_Task statement:_ What are the lines below, starting at the line containing "Stabhochsprung Retro Vintage" and ending at the line containing "a group of people working in a factory"? Write them out exactly, ends included, without pictures.

_Provided material:_

◇ ◇ ◇ ◇

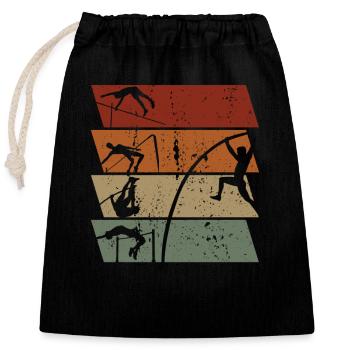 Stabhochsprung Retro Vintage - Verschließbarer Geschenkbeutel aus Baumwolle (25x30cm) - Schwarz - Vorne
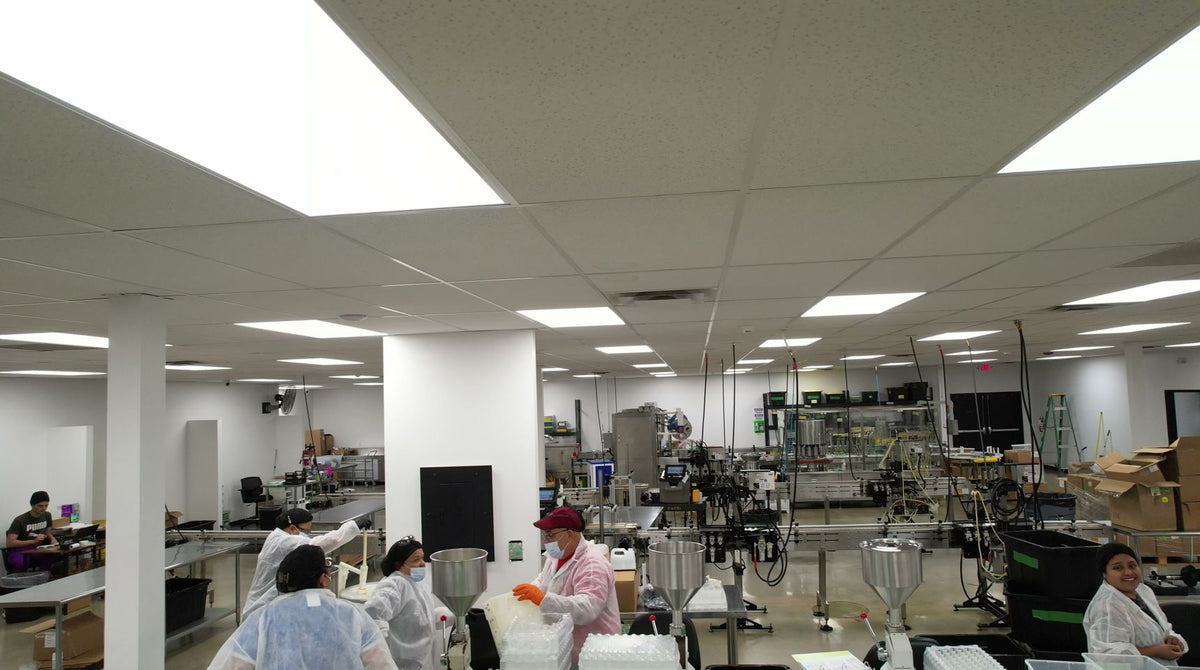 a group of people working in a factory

◇ ◇ ◇ ◇

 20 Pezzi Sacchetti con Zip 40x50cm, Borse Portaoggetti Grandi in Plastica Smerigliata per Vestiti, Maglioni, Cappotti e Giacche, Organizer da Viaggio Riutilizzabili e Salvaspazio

◇ ◇ ◇ ◇

_Solution to this exercise:_
 Stabhochsprung Retro Vintage - Verschließbarer Geschenkbeutel aus Baumwolle (25x30cm) - Schwarz - Vorne
 a group of people working in a factory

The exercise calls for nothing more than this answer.